:: Information supplied ::
* * * * *
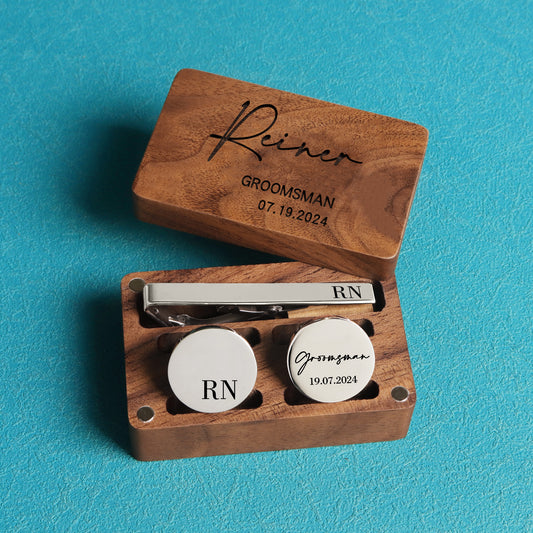Groomsman Cufflinks Set with Tie Clip – Personalized Cufflinks for Groomsmen - giftyourways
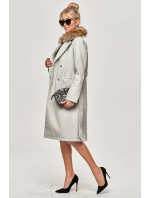 Světle šedý dámský kabát s kožíškem model 15822778 - Ann Gissy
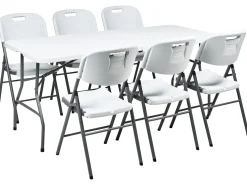 Set da pranzo da giardino 6 posti CUGNOLI Pieghevole Bianco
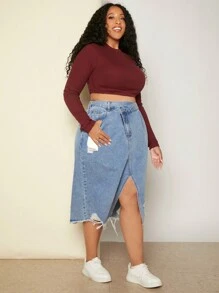 SHEIN CURVE+ 大碼破洞毛邊緣高衩牛仔半身裙 - 藍色 - 查看 5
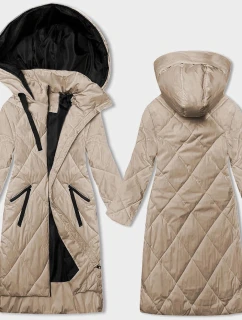 Dámska dlhá zimná bunda Light Beige (5M3168-84)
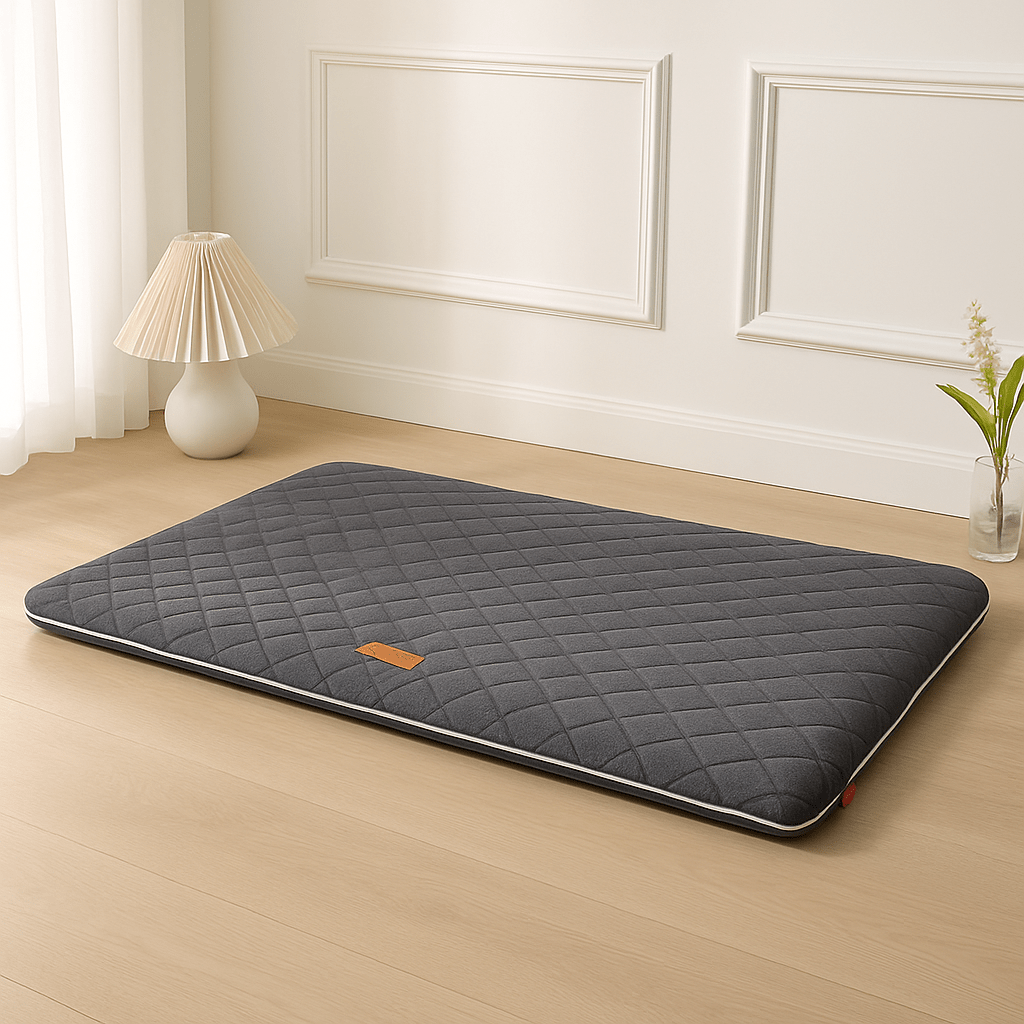 Tapis-pour-chien-orthopédique-gris-à mémoire de forme 100% coton haute densité-housse en lin imperméable-déhoussable et lavable en machine de couleur gris anthracite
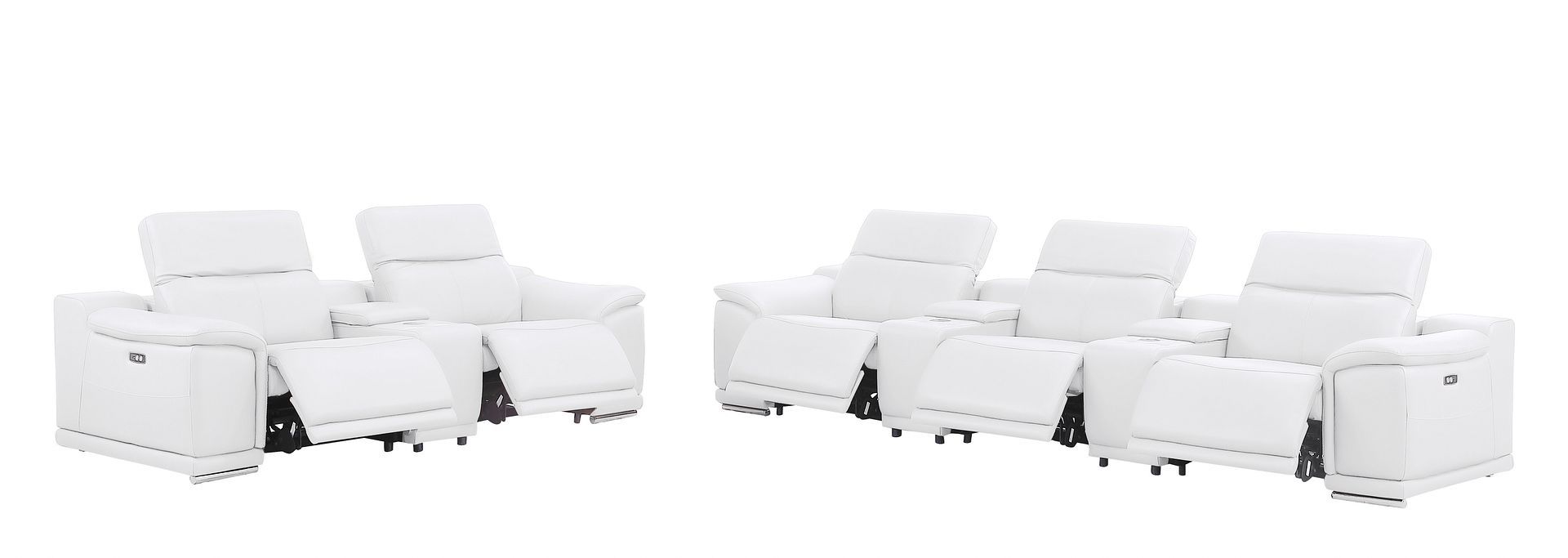 2679 - Power Reclining Sofa And Loveseat In Genuine Leather (5 Recliners With Power Headrests & 3 Consoles)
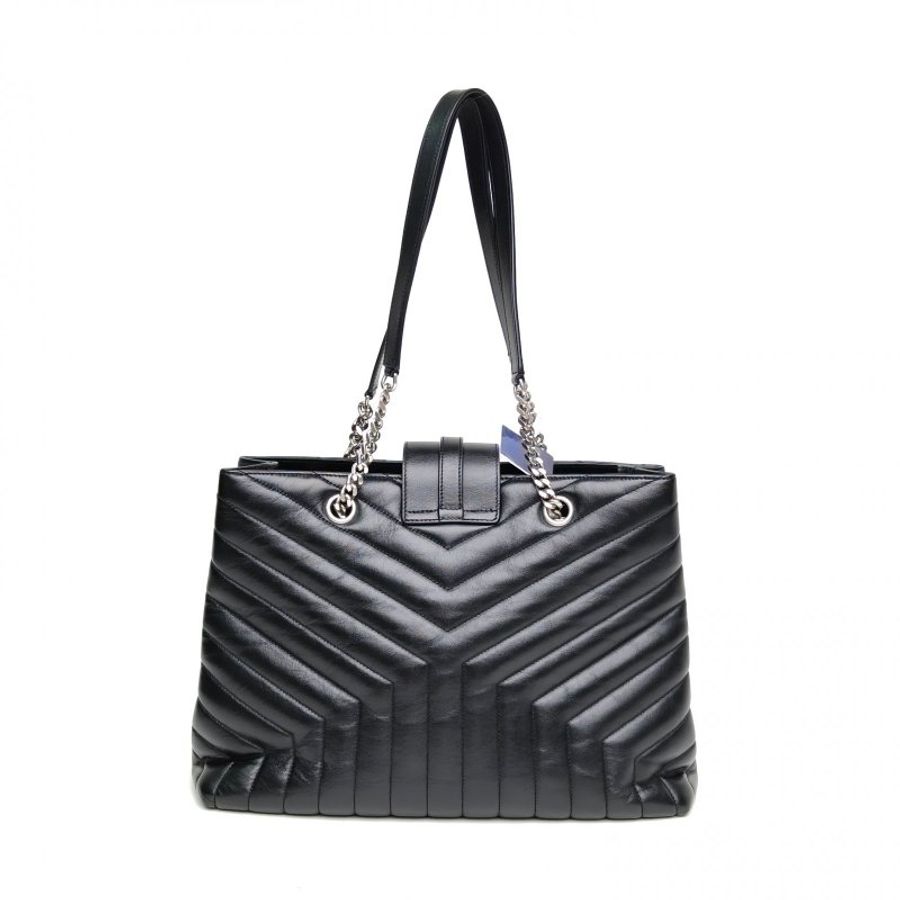 SAINT LAURENT 黑色牛皮革銀扣LOULOU托特Tote手提斜挎包Y縫肩背包-2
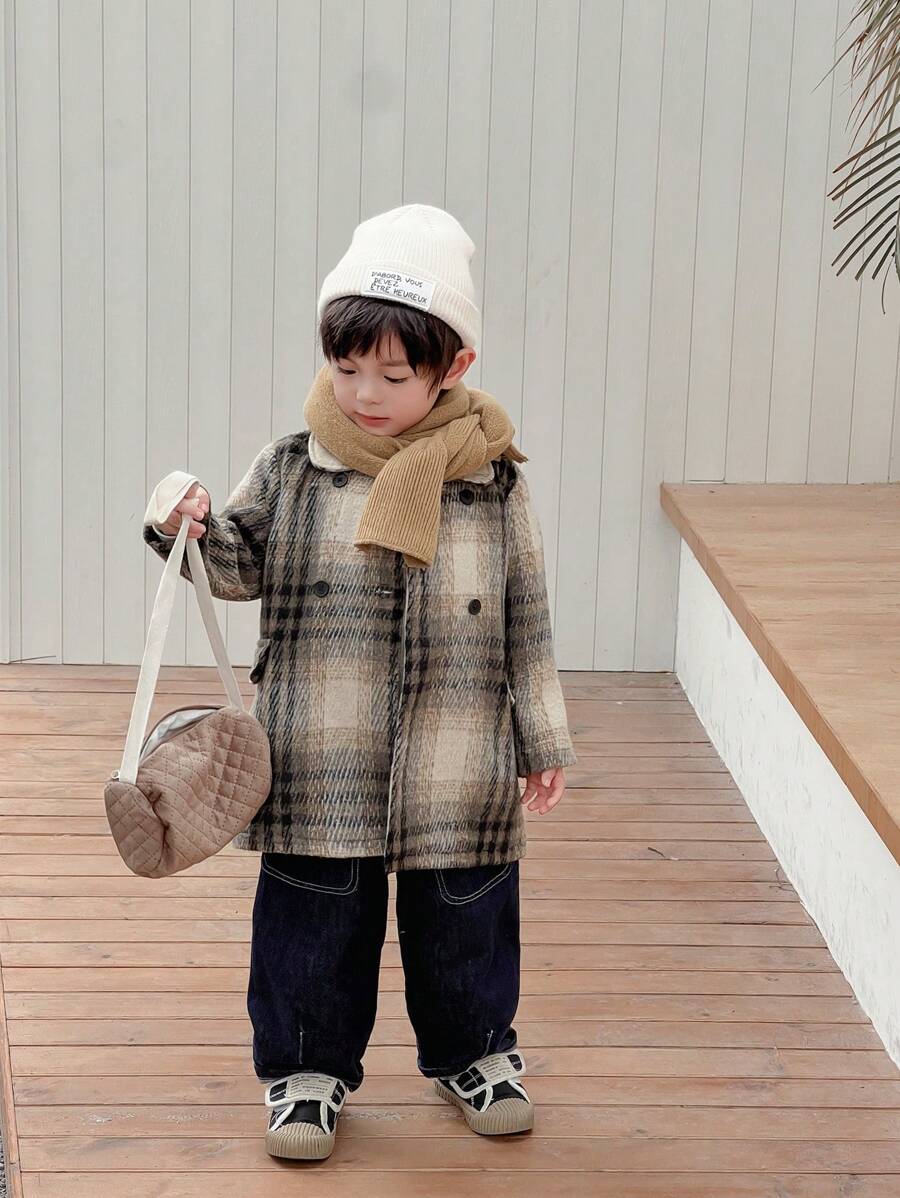 SHEIN 年轻男孩休闲舒适拉绒格子宽松翻领双排扣纽扣加厚大口袋大衣，适合街头风格和日常穿着，保暖防风，适合秋冬季 - 彩色 - 查看 1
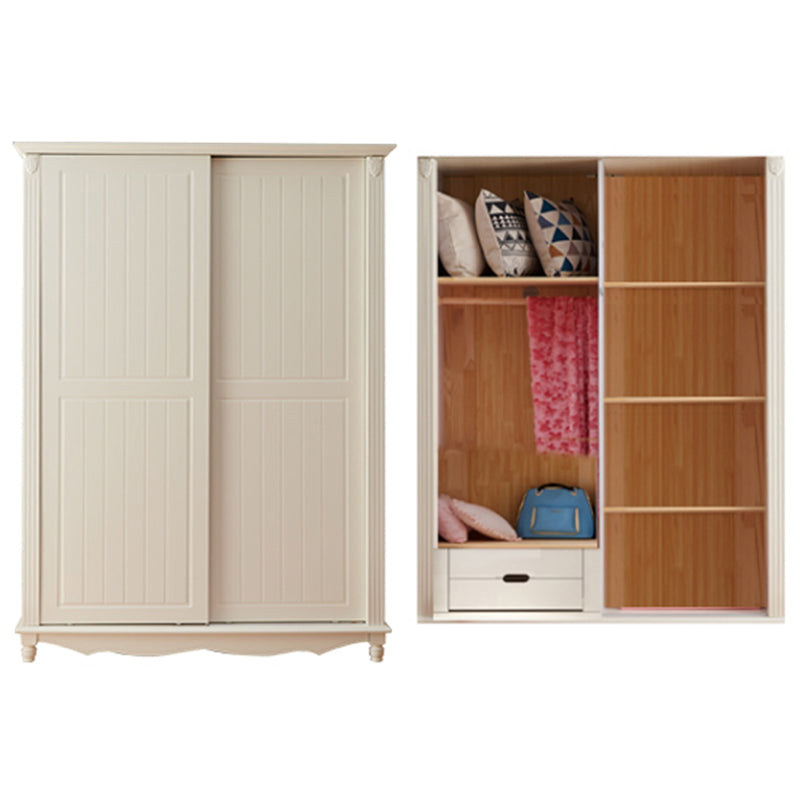 Contemporary Coat Locker Wooden Cloth Rod Included Wardrobe Closet with 4 Shelves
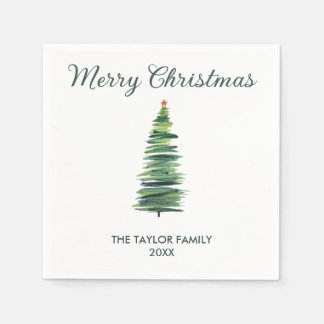 Minimale eenvoudige Waterverf kerstboom papier Servet
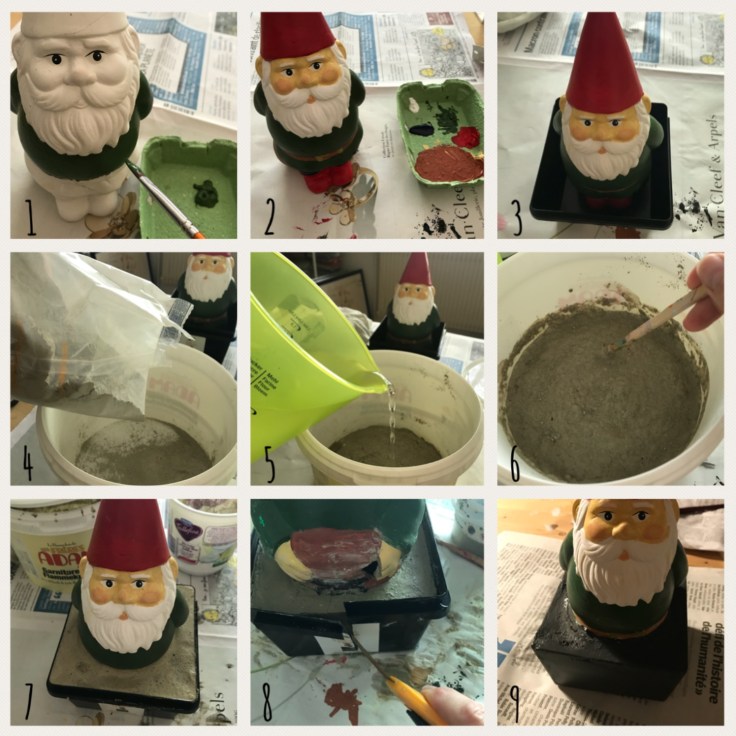 Les deux pieds dans le ciment DIY bricolage enfant craft cale livres ciment béton nain de jardin Pas à pas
* * * * *
:: What you are asked to do ::
Word for word, restate the material above; do not carry over the pictures.

:: Exercise response ::
Groomsman Cufflinks Set with Tie Clip – Personalized Cufflinks for Groomsmen - giftyourways
 Světle šedý dámský kabát s kožíškem model 15822778 - Ann Gissy
 Set da pranzo da giardino 6 posti CUGNOLI Pieghevole Bianco
 SHEIN CURVE+ 大碼破洞毛邊緣高衩牛仔半身裙 - 藍色 - 查看 5
 Dámska dlhá zimná bunda Light Beige (5M3168-84)
 Tapis-pour-chien-orthopédique-gris-à mémoire de forme 100% coton haute densité-housse en lin imperméable-déhoussable et lavable en machine de couleur gris anthracite
 2679 - Power Reclining Sofa And Loveseat In Genuine Leather (5 Recliners With Power Headrests & 3 Consoles)
 SAINT LAURENT 黑色牛皮革銀扣LOULOU托特Tote手提斜挎包Y縫肩背包-2
 SHEIN 年轻男孩休闲舒适拉绒格子宽松翻领双排扣纽扣加厚大口袋大衣，适合街头风格和日常穿着，保暖防风，适合秋冬季 - 彩色 - 查看 1
 Contemporary Coat Locker Wooden Cloth Rod Included Wardrobe Closet with 4 Shelves
 Minimale eenvoudige Waterverf kerstboom papier Servet
 Les deux pieds dans le ciment DIY bricolage enfant craft cale livres ciment béton nain de jardin Pas à pas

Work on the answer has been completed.